● Description of the task:
Reproduce every entry exactly.

===== Data =====

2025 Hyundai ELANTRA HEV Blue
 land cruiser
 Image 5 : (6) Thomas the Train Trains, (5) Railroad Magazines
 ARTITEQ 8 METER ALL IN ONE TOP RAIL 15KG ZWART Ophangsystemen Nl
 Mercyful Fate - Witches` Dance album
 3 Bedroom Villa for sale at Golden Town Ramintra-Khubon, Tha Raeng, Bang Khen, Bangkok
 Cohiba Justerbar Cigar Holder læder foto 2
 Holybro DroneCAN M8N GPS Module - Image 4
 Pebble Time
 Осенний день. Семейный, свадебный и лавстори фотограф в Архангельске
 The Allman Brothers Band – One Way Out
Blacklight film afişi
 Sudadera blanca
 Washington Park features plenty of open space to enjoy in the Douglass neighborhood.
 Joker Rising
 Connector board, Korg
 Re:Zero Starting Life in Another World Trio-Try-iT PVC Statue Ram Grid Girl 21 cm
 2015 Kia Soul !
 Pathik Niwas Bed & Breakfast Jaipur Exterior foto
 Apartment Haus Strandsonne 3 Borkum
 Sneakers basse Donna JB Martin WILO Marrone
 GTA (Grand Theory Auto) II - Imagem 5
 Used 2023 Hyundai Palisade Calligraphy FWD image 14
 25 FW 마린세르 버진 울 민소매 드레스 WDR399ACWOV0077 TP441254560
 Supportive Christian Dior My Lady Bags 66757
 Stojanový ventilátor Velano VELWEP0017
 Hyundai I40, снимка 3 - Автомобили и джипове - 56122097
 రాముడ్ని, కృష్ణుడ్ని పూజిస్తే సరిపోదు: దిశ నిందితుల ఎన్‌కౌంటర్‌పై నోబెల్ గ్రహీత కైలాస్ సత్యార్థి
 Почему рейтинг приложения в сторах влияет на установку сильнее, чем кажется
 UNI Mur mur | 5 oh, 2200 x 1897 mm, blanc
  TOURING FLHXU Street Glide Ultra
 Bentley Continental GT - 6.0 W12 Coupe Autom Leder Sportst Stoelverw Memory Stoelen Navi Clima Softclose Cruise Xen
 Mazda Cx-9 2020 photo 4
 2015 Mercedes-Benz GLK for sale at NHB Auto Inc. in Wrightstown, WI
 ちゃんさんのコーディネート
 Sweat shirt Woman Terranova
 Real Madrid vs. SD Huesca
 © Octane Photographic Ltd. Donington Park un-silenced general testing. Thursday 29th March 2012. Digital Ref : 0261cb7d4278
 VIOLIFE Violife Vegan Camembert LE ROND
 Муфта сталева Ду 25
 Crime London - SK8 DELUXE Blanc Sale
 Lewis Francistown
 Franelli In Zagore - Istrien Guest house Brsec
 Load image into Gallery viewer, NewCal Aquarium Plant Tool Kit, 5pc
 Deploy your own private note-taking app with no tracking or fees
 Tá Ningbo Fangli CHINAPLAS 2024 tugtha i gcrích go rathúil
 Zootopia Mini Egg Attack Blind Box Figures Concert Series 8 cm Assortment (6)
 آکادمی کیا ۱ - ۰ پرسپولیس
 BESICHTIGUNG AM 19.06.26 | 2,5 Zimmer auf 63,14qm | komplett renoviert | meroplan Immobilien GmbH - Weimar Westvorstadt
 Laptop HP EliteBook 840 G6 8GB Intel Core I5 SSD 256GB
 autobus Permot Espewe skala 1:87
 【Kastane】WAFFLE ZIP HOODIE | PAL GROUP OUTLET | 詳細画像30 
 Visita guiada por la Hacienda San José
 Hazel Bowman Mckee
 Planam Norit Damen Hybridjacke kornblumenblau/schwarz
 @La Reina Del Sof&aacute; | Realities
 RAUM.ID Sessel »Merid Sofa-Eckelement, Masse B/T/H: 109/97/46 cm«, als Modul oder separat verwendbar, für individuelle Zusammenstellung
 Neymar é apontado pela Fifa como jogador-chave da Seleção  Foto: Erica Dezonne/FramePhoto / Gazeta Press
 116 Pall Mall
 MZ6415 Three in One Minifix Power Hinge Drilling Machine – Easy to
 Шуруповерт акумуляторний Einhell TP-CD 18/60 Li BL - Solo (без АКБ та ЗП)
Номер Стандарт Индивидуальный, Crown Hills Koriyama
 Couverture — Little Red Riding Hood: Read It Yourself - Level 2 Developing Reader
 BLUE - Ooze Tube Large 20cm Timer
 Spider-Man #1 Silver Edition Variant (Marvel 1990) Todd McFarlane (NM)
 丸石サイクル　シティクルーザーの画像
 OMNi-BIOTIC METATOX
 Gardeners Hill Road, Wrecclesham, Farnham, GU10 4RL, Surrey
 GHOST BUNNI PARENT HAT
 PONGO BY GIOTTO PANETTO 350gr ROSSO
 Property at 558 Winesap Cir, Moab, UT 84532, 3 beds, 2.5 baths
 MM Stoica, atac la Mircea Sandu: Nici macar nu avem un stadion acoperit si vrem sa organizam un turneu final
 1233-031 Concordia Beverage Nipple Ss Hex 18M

=====

● Output:
2025 Hyundai ELANTRA HEV Blue
 land cruiser
 Image 5 : (6) Thomas the Train Trains, (5) Railroad Magazines
 ARTITEQ 8 METER ALL IN ONE TOP RAIL 15KG ZWART Ophangsystemen Nl
 Mercyful Fate - Witches` Dance album
 3 Bedroom Villa for sale at Golden Town Ramintra-Khubon, Tha Raeng, Bang Khen, Bangkok
 Cohiba Justerbar Cigar Holder læder foto 2
 Holybro DroneCAN M8N GPS Module - Image 4
 Pebble Time
 Осенний день. Семейный, свадебный и лавстори фотограф в Архангельске
 The Allman Brothers Band – One Way Out
Blacklight film afişi
 Sudadera blanca
 Washington Park features plenty of open space to enjoy in the Douglass neighborhood.
 Joker Rising
 Connector board, Korg
 Re:Zero Starting Life in Another World Trio-Try-iT PVC Statue Ram Grid Girl 21 cm
 2015 Kia Soul !
 Pathik Niwas Bed & Breakfast Jaipur Exterior foto
 Apartment Haus Strandsonne 3 Borkum
 Sneakers basse Donna JB Martin WILO Marrone
 GTA (Grand Theory Auto) II - Imagem 5
 Used 2023 Hyundai Palisade Calligraphy FWD image 14
 25 FW 마린세르 버진 울 민소매 드레스 WDR399ACWOV0077 TP441254560
 Supportive Christian Dior My Lady Bags 66757
 Stojanový ventilátor Velano VELWEP0017
 Hyundai I40, снимка 3 - Автомобили и джипове - 56122097
 రాముడ్ని, కృష్ణుడ్ని పూజిస్తే సరిపోదు: దిశ నిందితుల ఎన్‌కౌంటర్‌పై నోబెల్ గ్రహీత కైలాస్ సత్యార్థి
 Почему рейтинг приложения в сторах влияет на установку сильнее, чем кажется
 UNI Mur mur | 5 oh, 2200 x 1897 mm, blanc
  TOURING FLHXU Street Glide Ultra
 Bentley Continental GT - 6.0 W12 Coupe Autom Leder Sportst Stoelverw Memory Stoelen Navi Clima Softclose Cruise Xen
 Mazda Cx-9 2020 photo 4
 2015 Mercedes-Benz GLK for sale at NHB Auto Inc. in Wrightstown, WI
 ちゃんさんのコーディネート
 Sweat shirt Woman Terranova
 Real Madrid vs. SD Huesca
 © Octane Photographic Ltd. Donington Park un-silenced general testing. Thursday 29th March 2012. Digital Ref : 0261cb7d4278
 VIOLIFE Violife Vegan Camembert LE ROND
 Муфта сталева Ду 25
 Crime London - SK8 DELUXE Blanc Sale
 Lewis Francistown
 Franelli In Zagore - Istrien Guest house Brsec
 Load image into Gallery viewer, NewCal Aquarium Plant Tool Kit, 5pc
 Deploy your own private note-taking app with no tracking or fees
 Tá Ningbo Fangli CHINAPLAS 2024 tugtha i gcrích go rathúil
 Zootopia Mini Egg Attack Blind Box Figures Concert Series 8 cm Assortment (6)
 آکادمی کیا ۱ - ۰ پرسپولیس
 BESICHTIGUNG AM 19.06.26 | 2,5 Zimmer auf 63,14qm | komplett renoviert | meroplan Immobilien GmbH - Weimar Westvorstadt
 Laptop HP EliteBook 840 G6 8GB Intel Core I5 SSD 256GB
 autobus Permot Espewe skala 1:87
 【Kastane】WAFFLE ZIP HOODIE | PAL GROUP OUTLET | 詳細画像30 
 Visita guiada por la Hacienda San José
 Hazel Bowman Mckee
 Planam Norit Damen Hybridjacke kornblumenblau/schwarz
 @La Reina Del Sof&aacute; | Realities
 RAUM.ID Sessel »Merid Sofa-Eckelement, Masse B/T/H: 109/97/46 cm«, als Modul oder separat verwendbar, für individuelle Zusammenstellung
 Neymar é apontado pela Fifa como jogador-chave da Seleção  Foto: Erica Dezonne/FramePhoto / Gazeta Press
 116 Pall Mall
 MZ6415 Three in One Minifix Power Hinge Drilling Machine – Easy to
 Шуруповерт акумуляторний Einhell TP-CD 18/60 Li BL - Solo (без АКБ та ЗП)
Номер Стандарт Индивидуальный, Crown Hills Koriyama
 Couverture — Little Red Riding Hood: Read It Yourself - Level 2 Developing Reader
 BLUE - Ooze Tube Large 20cm Timer
 Spider-Man #1 Silver Edition Variant (Marvel 1990) Todd McFarlane (NM)
 丸石サイクル　シティクルーザーの画像
 OMNi-BIOTIC METATOX
 Gardeners Hill Road, Wrecclesham, Farnham, GU10 4RL, Surrey
 GHOST BUNNI PARENT HAT
 PONGO BY GIOTTO PANETTO 350gr ROSSO
 Property at 558 Winesap Cir, Moab, UT 84532, 3 beds, 2.5 baths
 MM Stoica, atac la Mircea Sandu: Nici macar nu avem un stadion acoperit si vrem sa organizam un turneu final
 1233-031 Concordia Beverage Nipple Ss Hex 18M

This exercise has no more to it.